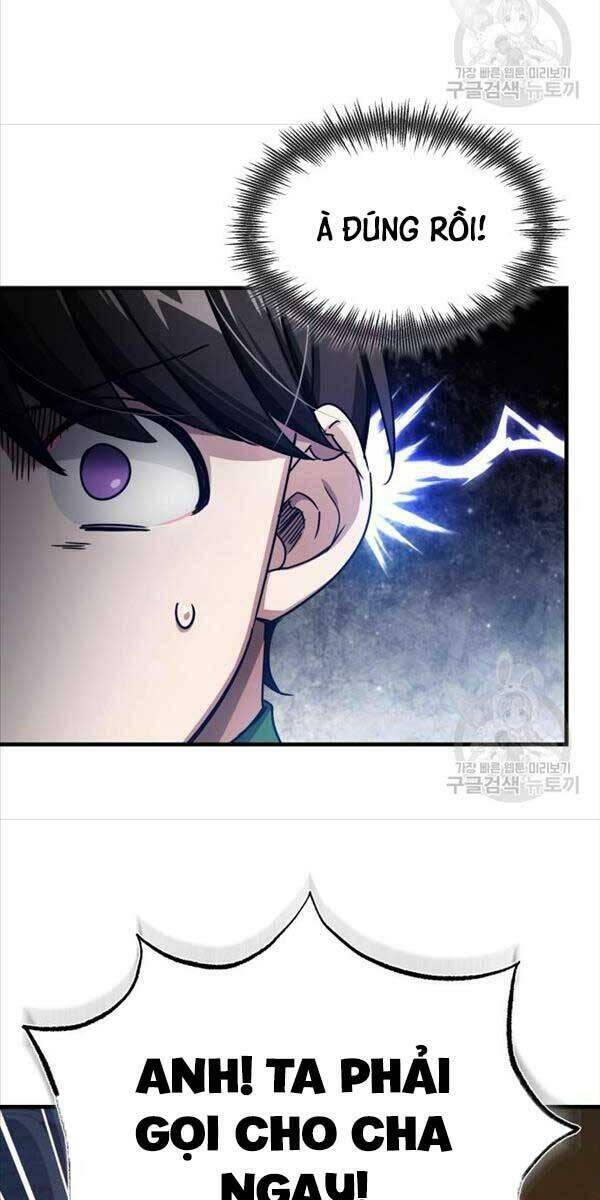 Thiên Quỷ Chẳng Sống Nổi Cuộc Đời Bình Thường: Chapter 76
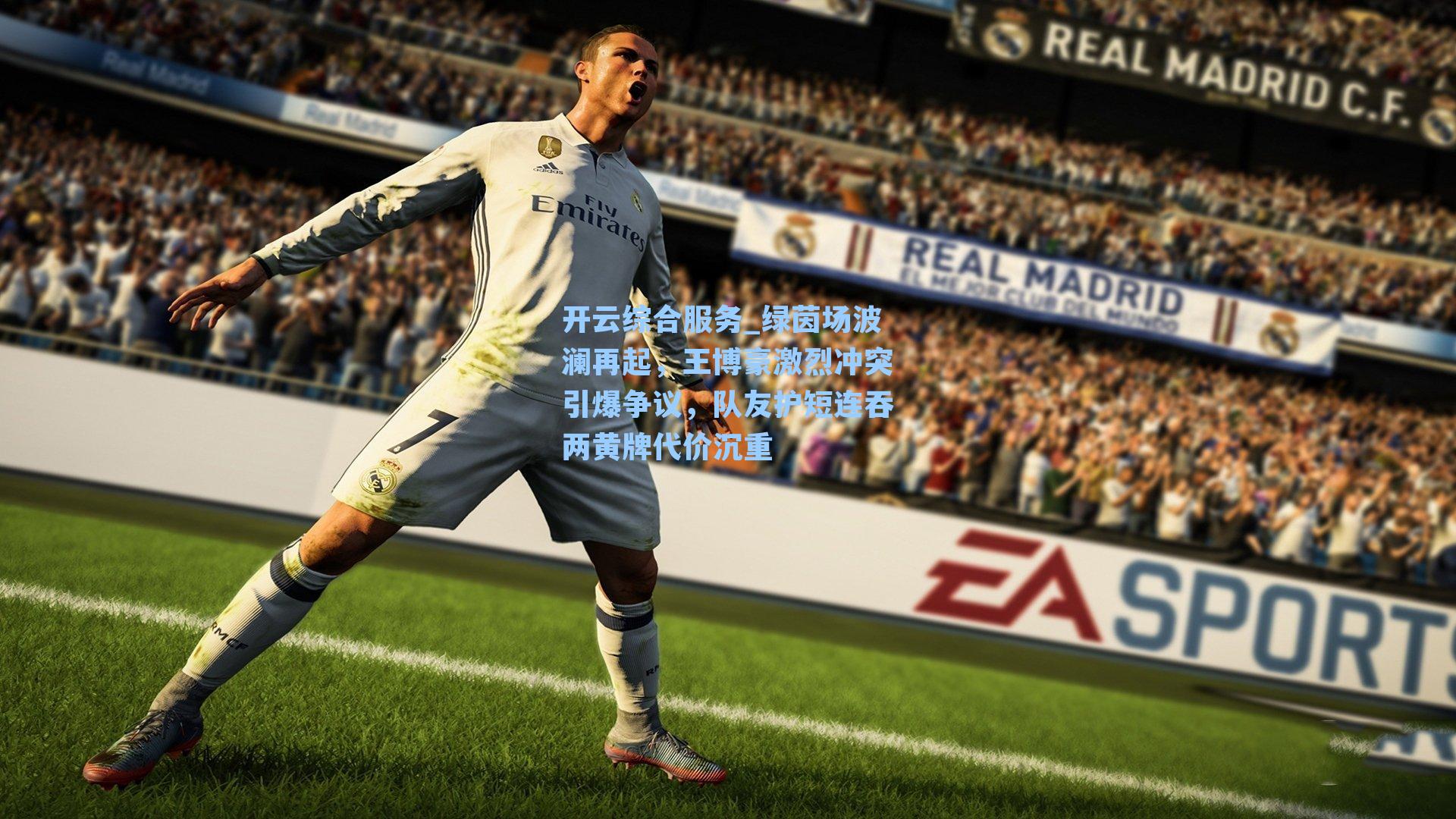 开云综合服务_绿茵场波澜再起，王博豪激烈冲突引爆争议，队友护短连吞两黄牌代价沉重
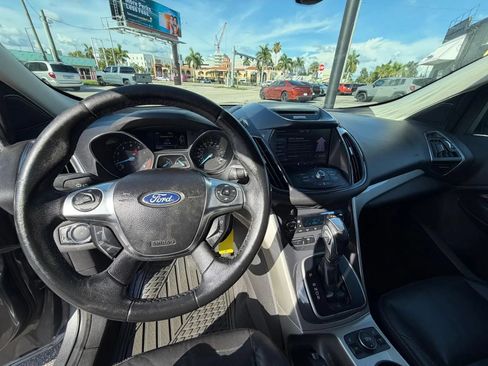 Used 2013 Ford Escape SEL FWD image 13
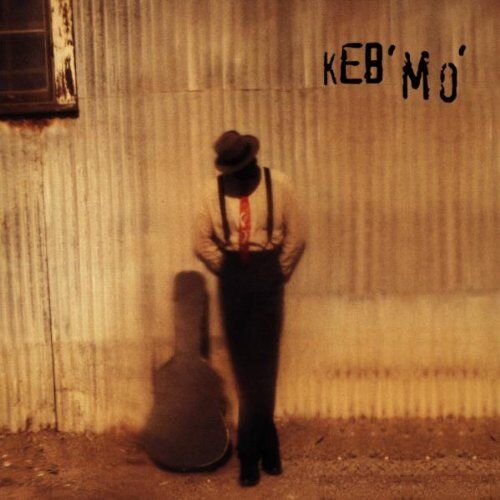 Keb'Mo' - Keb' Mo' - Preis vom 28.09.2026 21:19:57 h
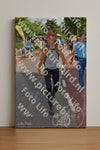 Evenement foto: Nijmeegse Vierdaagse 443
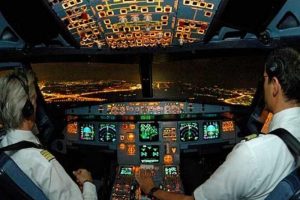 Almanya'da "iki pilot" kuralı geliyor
########################################
[Directions] In the copy, include each entry exactly as written and none of the pictures.

[Response]
 Thiên Quỷ Chẳng Sống Nổi Cuộc Đời Bình Thường: Chapter 76
 开云综合服务_绿茵场波澜再起，王博豪激烈冲突引爆争议，队友护短连吞两黄牌代价沉重
 Used 2013 Ford Escape SEL FWD image 13
 Keb'Mo' - Keb' Mo' - Preis vom 28.09.2026 21:19:57 h
 Evenement foto: Nijmeegse Vierdaagse 443
 Almanya'da "iki pilot" kuralı geliyor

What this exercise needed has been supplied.